Babies who come into the world too early live their lives on a knife edge. It's a matter of survival to the next day. For the parents, the anguish is tangible - and I could feel it in the plight of the parents I met at the Buscot Ward at the Royal Berkshire Hospital, where they regularly fight for the lives of children born at 23 weeks. Here in the picture I'm with mum Alison White and we're standing in between two incubators containing Arthur and Eleanor, who are still doing well. I also met one little girl called Olivia who weighed just 600 grammes when she was born at 24 weeks - she's still there, six weeks on, still fighting to make it through the next 24 hours, day by day.

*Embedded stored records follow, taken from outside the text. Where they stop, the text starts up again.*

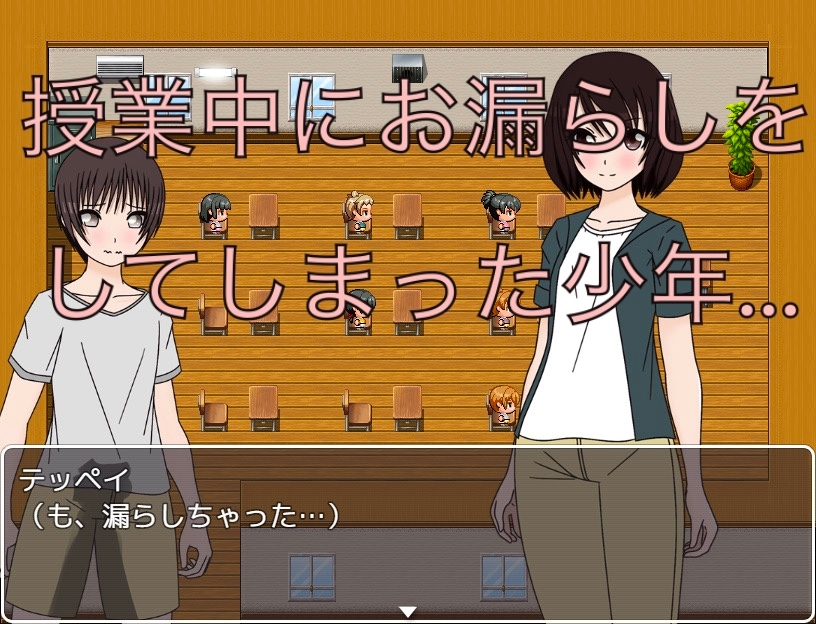 授業中にお漏らし ここで全裸になるの！? CG集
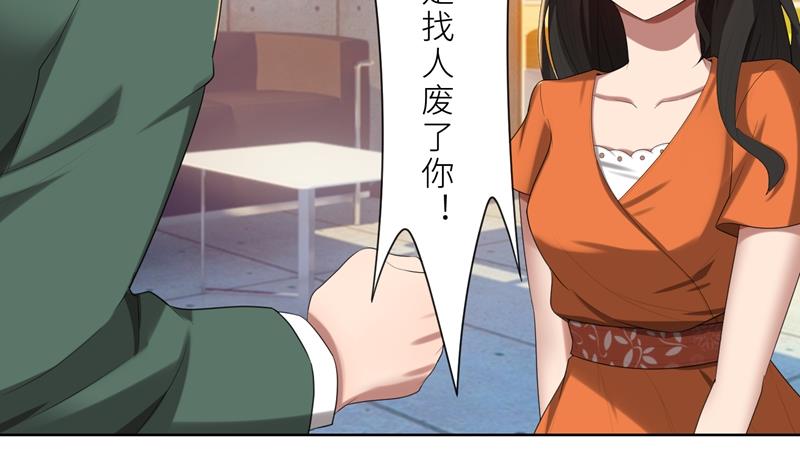 第16话 不好意思，就是我踹的(1/2)-第16话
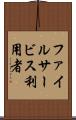 ファイルサービス利用者 Scroll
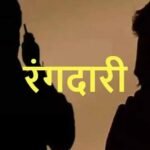 पंचकूला नाइट क्लबों को गैंगस्टर धमकी, 5 करोड़ की रंगदारी की मांग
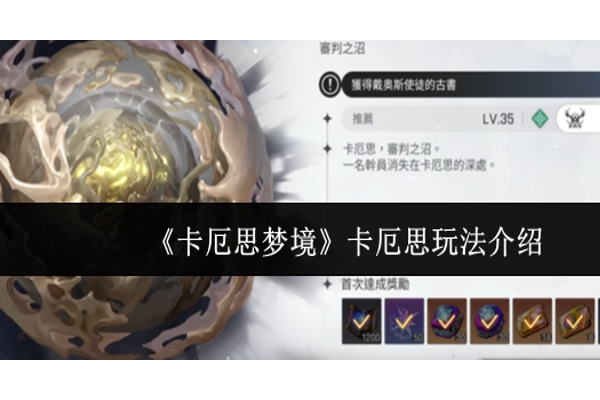 卡厄思梦境卡厄思怎么玩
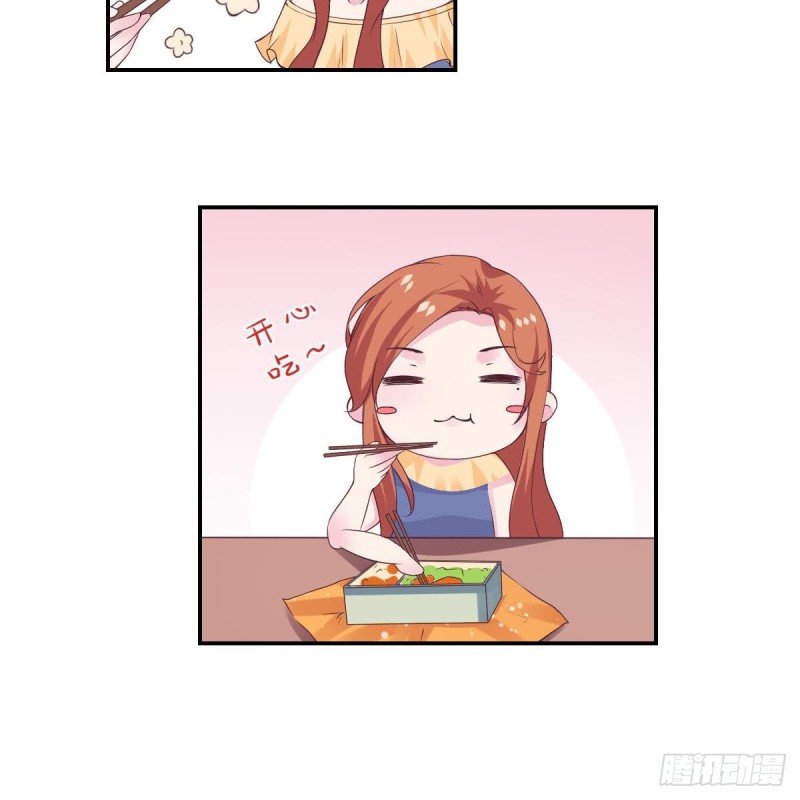 《总裁的一周恋人》第71话 苏我皇送的晚餐 第36页
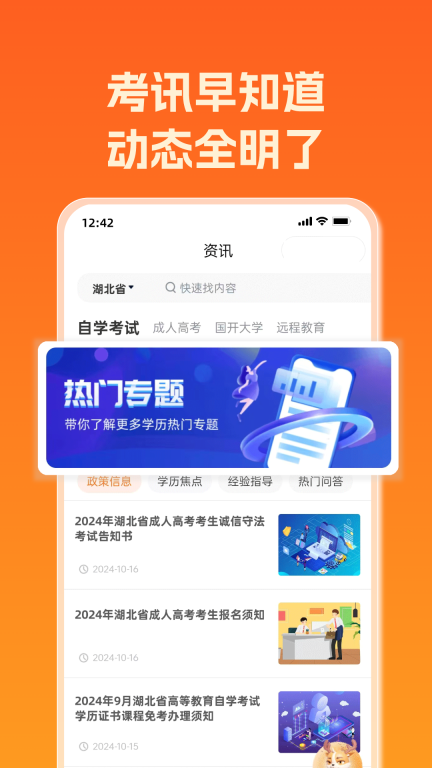 橙鹿學(xué)歷寶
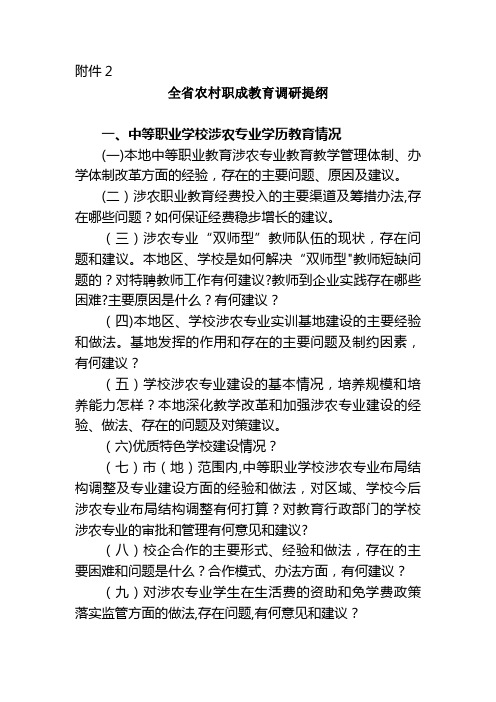 全省中职学校农村职业教育调研提纲.doc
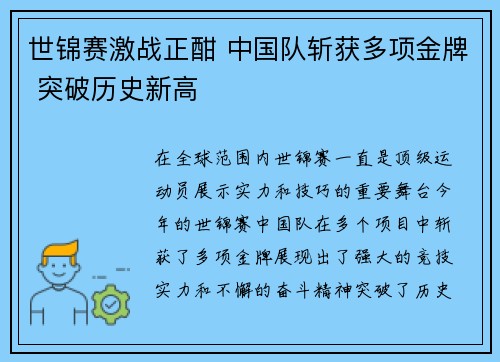 世锦赛激战正酣 中国队斩获多项金牌 突破历史新高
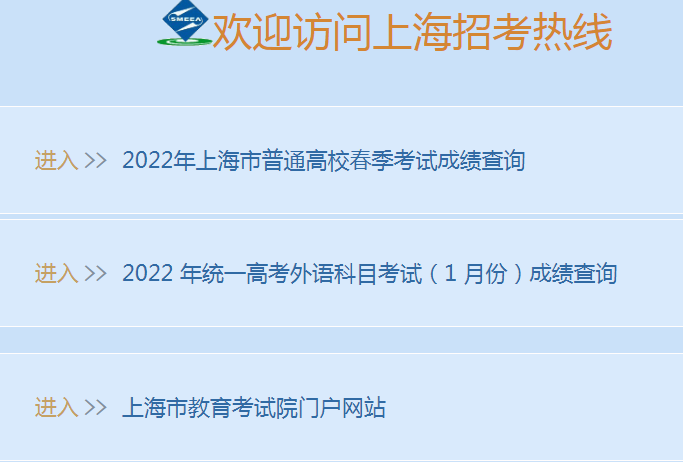 2022上海普高学业水平考试成绩查询入口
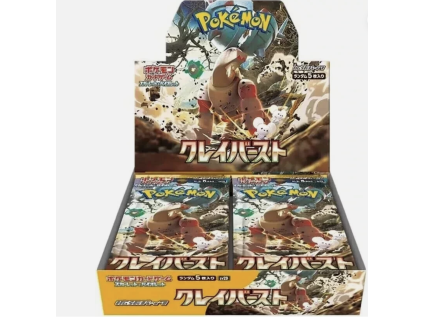 Pokémon Clay Burst Booster Box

Last night, I was fascinated by the BBC 2 documentary which posed the question whether it was actually moral and right to pour thousands of pounds, and hundreds of man-hours into prolonging the life of tiny babies who will probably die anyway. So very few ever make it home, and even fewer make it into adulthood without profound disability.

But, having been a mum myself in a SCBU, I don't know you could ever possibly take the decision NOT to fight for life, whatever the consequences. The documentary argued that the decision should not be taken by parents, but by the consultant in charge. But is that fair? If you're a doctor who can prolong that little life, how can you go against all of your training to withhold your expertise?

I just don't know. I cried almost all the way through the programme, it brought back so many memories. Love to all at the Buscot Ward, and prayers that those babies make it through another night.


  • Comment number 1.

    It was wonderful to listen to your interview with Alison White - I am in the north east of Scotland and have been following the babies' progress via my brother who lives in Cippenham. So happy that Arthur and Eleanor are continuing to do well.